I profusely apologize for the long answer, but I knew no shorter way. I assure you, half of it is empty spaces and calculations to make it easier.

Explanation:

a)
We have `2g` of `CH_4`, `3g` of `H_2` and `4g` of `N_2`. Since the gases take up the entire volume, the volume is `10L` and the temperature `20^@C`.

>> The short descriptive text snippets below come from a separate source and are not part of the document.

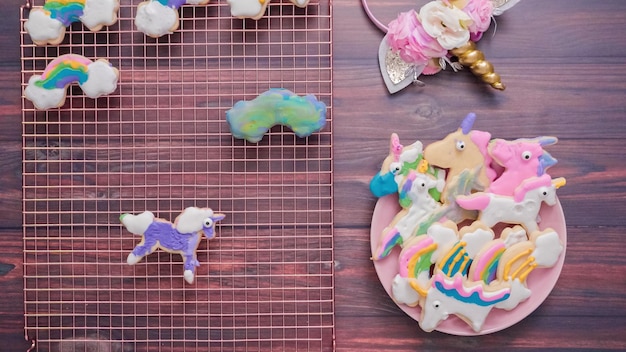 Eenhoornvormige suikerkoekjes versierd met royal icing op roze bord.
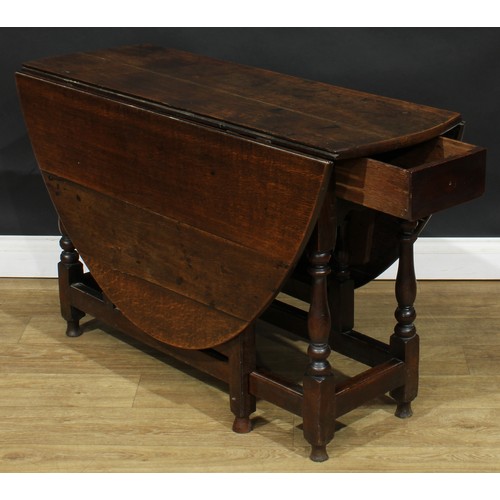 587 - A late 18th century oak gateleg table, 69cm high, 42cm opening to 143.5cm long, 110cm wide; an early... 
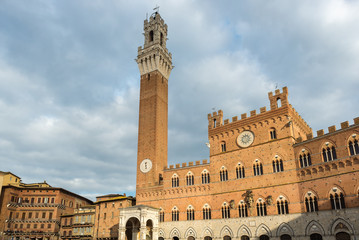 Obraz premium Mangia Tower and Palazzo Pubblico, located in Piazza del Campo, Siena, Italy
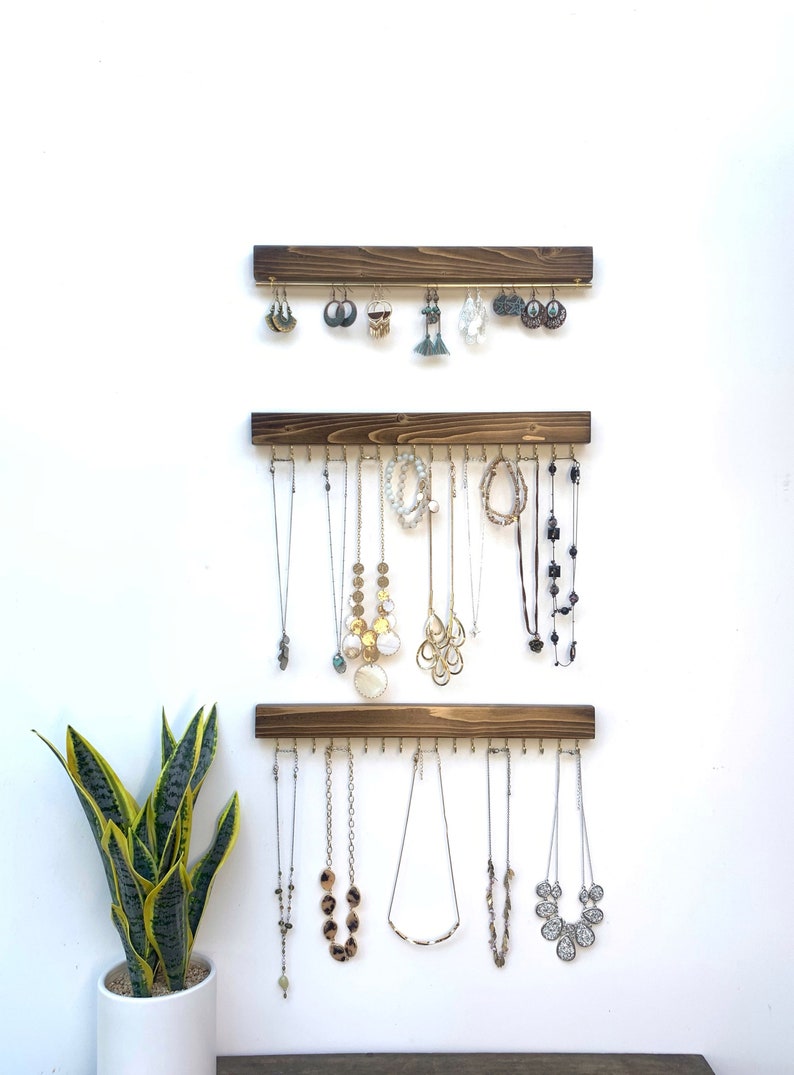 K&ouml;nnte beinhalten: Drei dunkle, braune Holzschmuck-Organizer an einer wei&szlig;en Wand, die Halsketten und Ohrringe zeigen. Jeder Organizer hat mehrere Haken. Eine Topf-Schlangenpflanze befindet sich in der linken unteren Ecke.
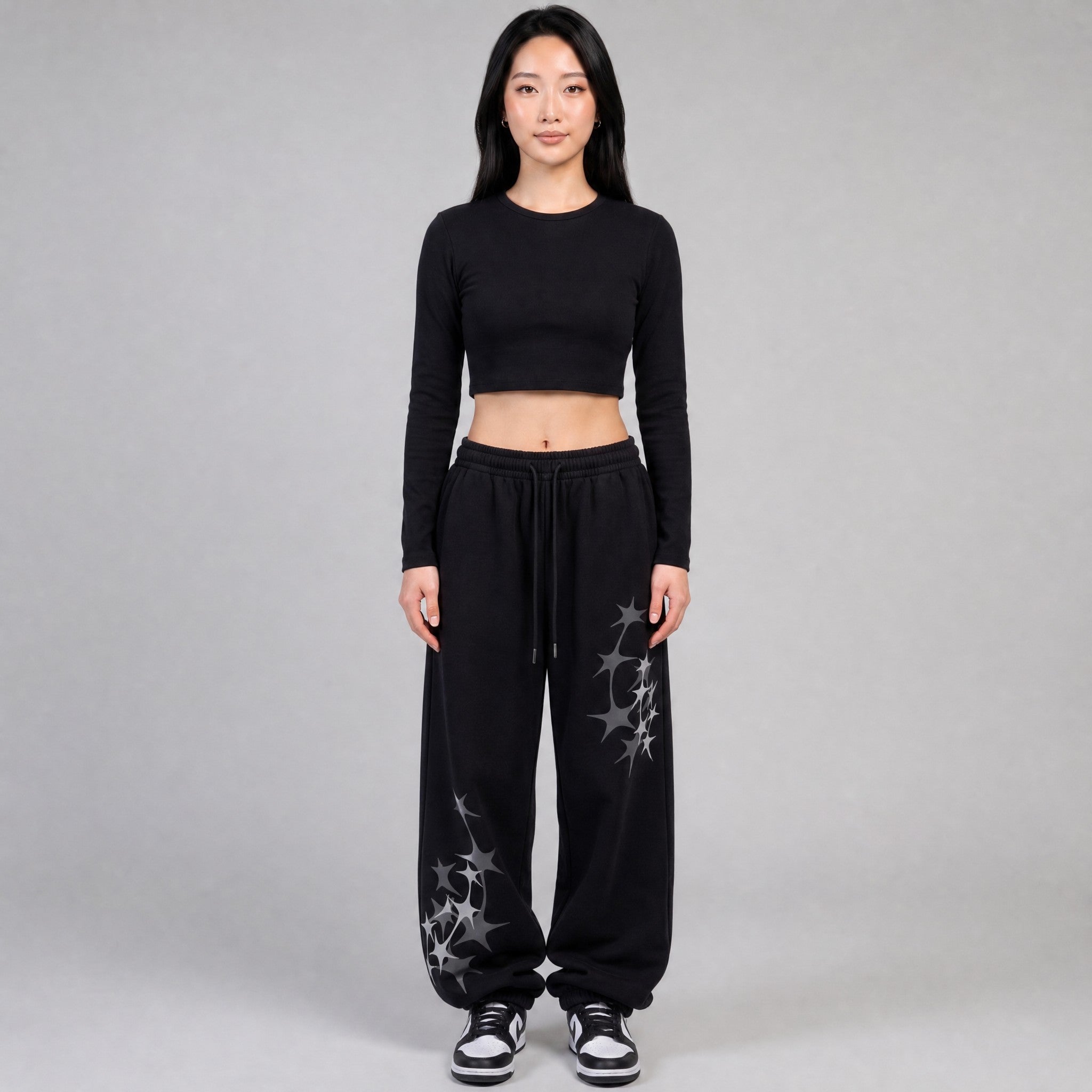 Y2K AVENUE black wide leg joggers with grey star prints, elastic waist, and white drawstring on a female model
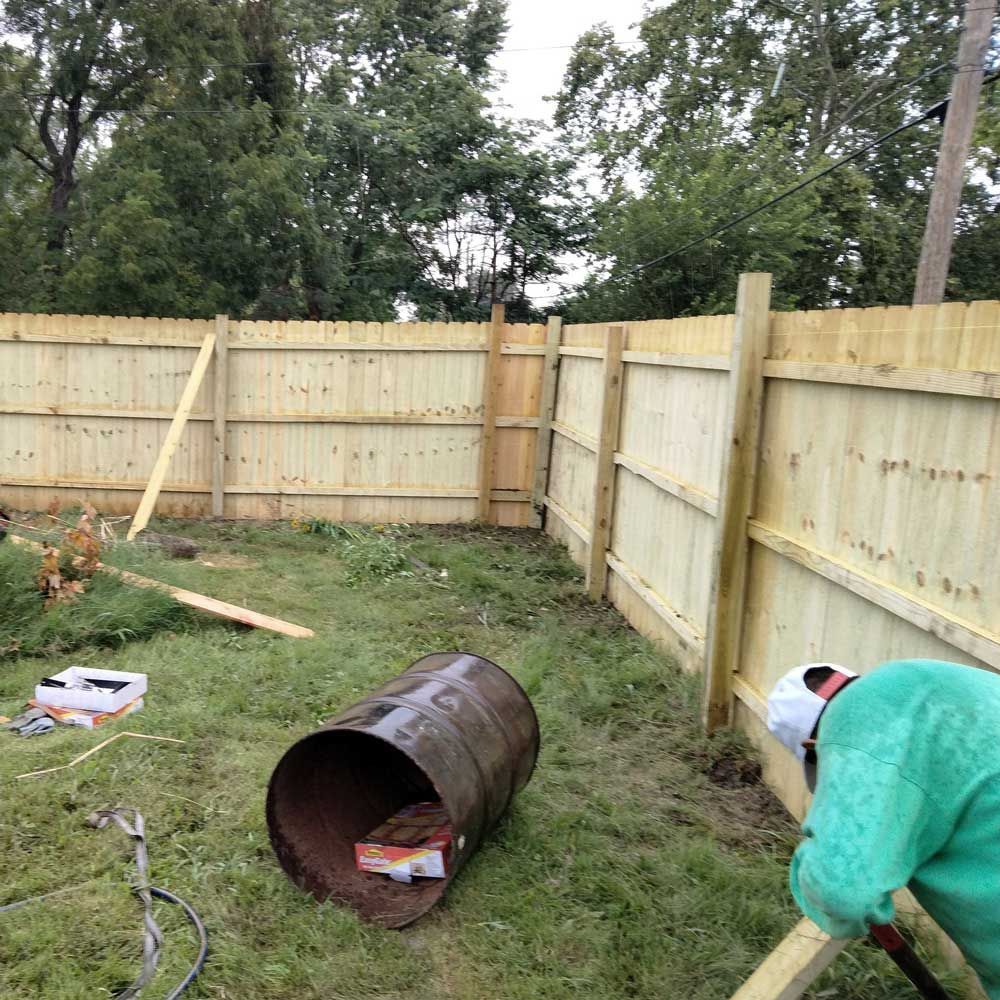 Man Checking the Fence — Caseyville, IL — Two Brothers Tree Service and Landscape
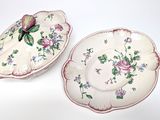 two plates with flowers on them on a white surface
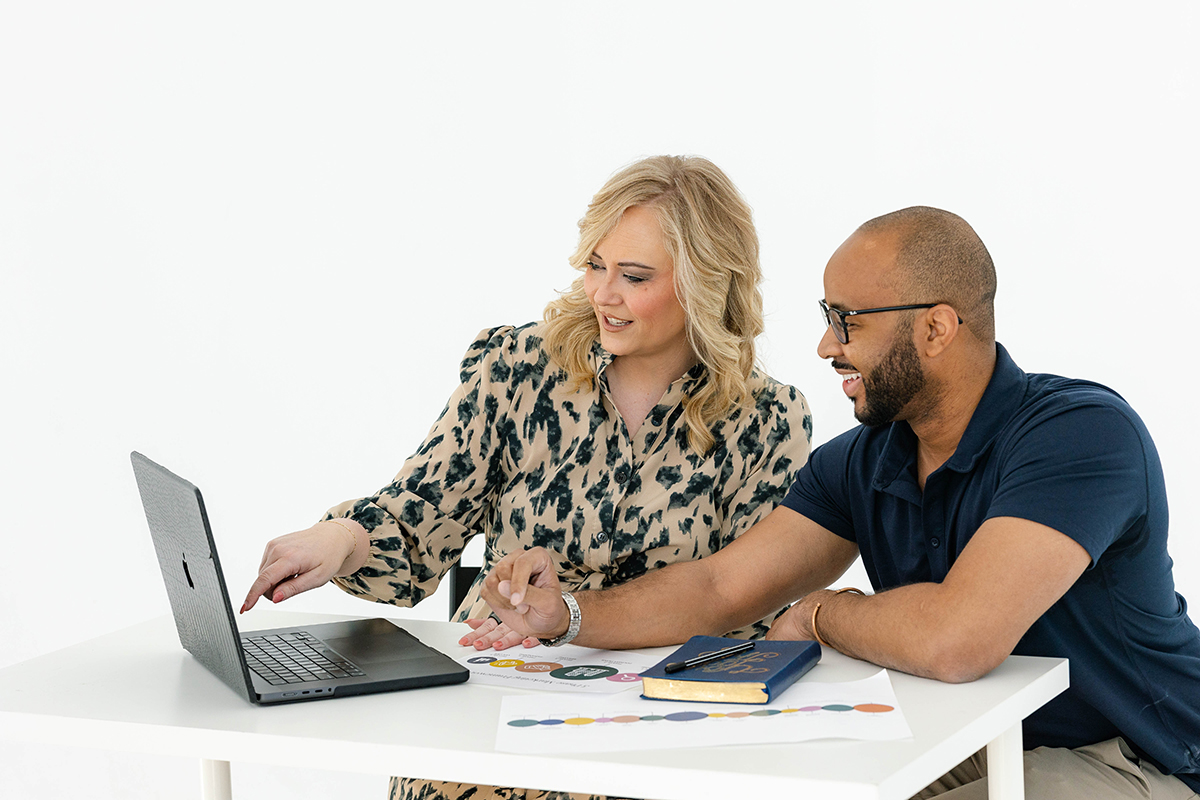 Business owner and marketing strategist reviewing data together during a small business marketing audit to inform a strategic marketing plan.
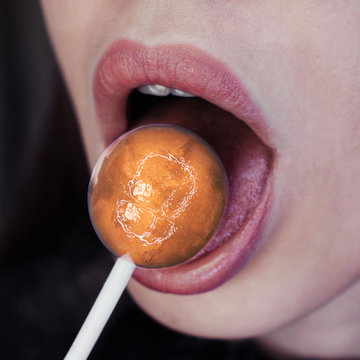 Female mouth with lollipop looks candy like a planet Mars. Digital art image, including elements furnished by NASA.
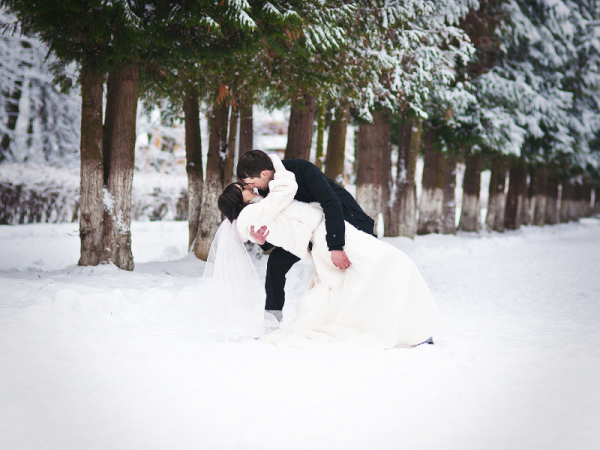 A couple, dressed in wedding attire, shares a romantic kiss in a snowy landscape surrounded by trees.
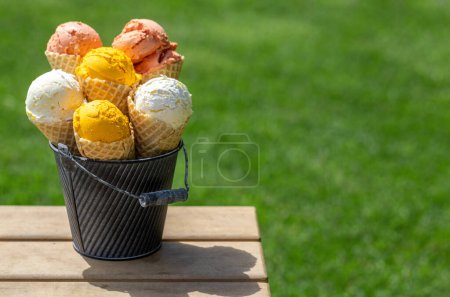 Photo for Assorted ice cream flavours in delightful waffle cones, a treat for every taste bud. Outdoor with copy space - Royalty Free Image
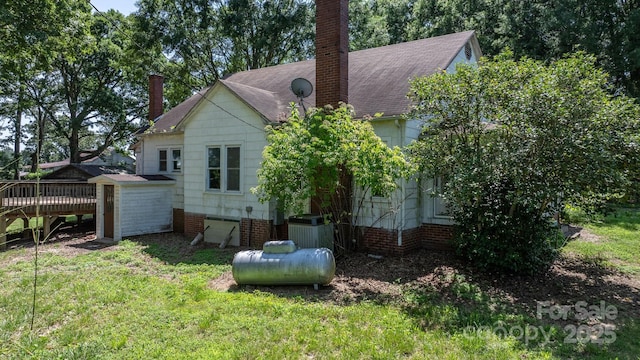 5560 Springs Rd, Conover, NC 28613 - rear view of house with a chimney, a deck, a shingled roof, and a yard
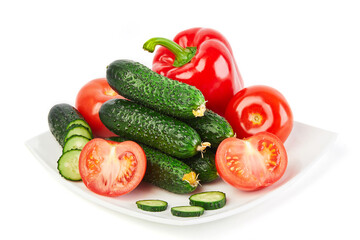 Fresh vegetables: cucumbers, tomatoes and red pepper isolated on white background macro close up. 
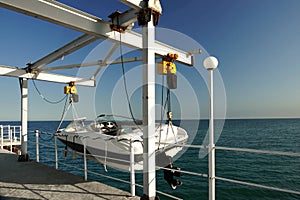 White Motor Boat Hanging On The Pier Davit photo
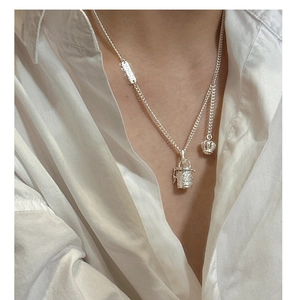 Detail of S925 silver cylinder pendant with crown charm worn on a white shirt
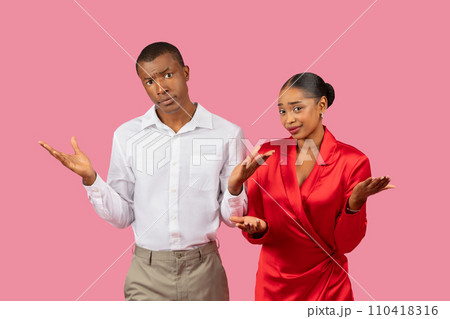Confused black couple shrugging, wearing elegant attire, pink background Confused black couple shrugging, wearing elegant attire, pink background 110418316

Use the Ideal Gas Law (`PV=nRT`):
Known values:
`V=10L`
`R=0.082057338 L atm K^-1 mol^-1`
`T=20+273=293K`

We have to find `P`, but we're now missing the value of `n`, the moles. Let's calculate:
Molar Mass:

• Methane - `16.043g`
• Hydrogen - `2.016g`
• Nitrogen - `28.014g`

Now using the formula for moles (`"given mass"/"molecular mass"`), calculate:

The moles of methane: `2/16.043=0.125mol`
The moles of hydrogen: `3/2.016=1.488mol`
The moles of nitrogen: `4/28.014=0.143mol`

Add them up to find the total moles of gas: `0.125+1.488+0.143=1.756mol`

So we have `10L` of gas, or `1.756mol`, at `293K`.

The formula for pressure using the ideal gas law is:
`(nRT)/V`

`(1.756*0.082057338*293)/10`

`42.22/10`

`4.222`

So the pressure is (to three significant figures) `4.222atm`.

b)
We have to input the different amounts of moles into the formula. Quite simply, the partial pressure of a particular gas is the pressure if that gas alone occupied the flask.
In this question, we can use our earlier formula: `(nRT)/V`, but now changing the value of `n` based on the gas.
We can confirm this answer using the formula `P_"total"=P_1+P_2+P_3......+P_n`. In this situation, only three partial pressures are there. This is the Law of Partial Pressures.

Methane:
`(nRT)/V`

There are `0.125mol` of methane, so:
`(0.125*0.082057338*293)/10`

`3.005/10`

`0.301atm`

The methane exerts a pressure of `0.301atm`.

Hydrogen:
`(nRT)/V`

There are `1.488mol` of hydrogen, so:
`(1.488*0.082057338*293)/10`

`35.778/10`

`3.578atm`

The hydrogen exerts a pressure of `3.578atm`.

Nitrogen:
`(nRT)/V`

There are `0.143mol` of hydrogen, so:
`(0.143*0.082057338*293)/10`

`3.438/10`

`0.344atm`

The nitrogen exerts a pressure of `0.344atm`.

To confirm, add up the individual pressures:
`0.301+3.578+0.344=4.223atm`, equal to the total pressure.

You may be confused. Why `4.223atm`? This is because of my rounding, but if you use an extended calculation without rounding, this will be the answer.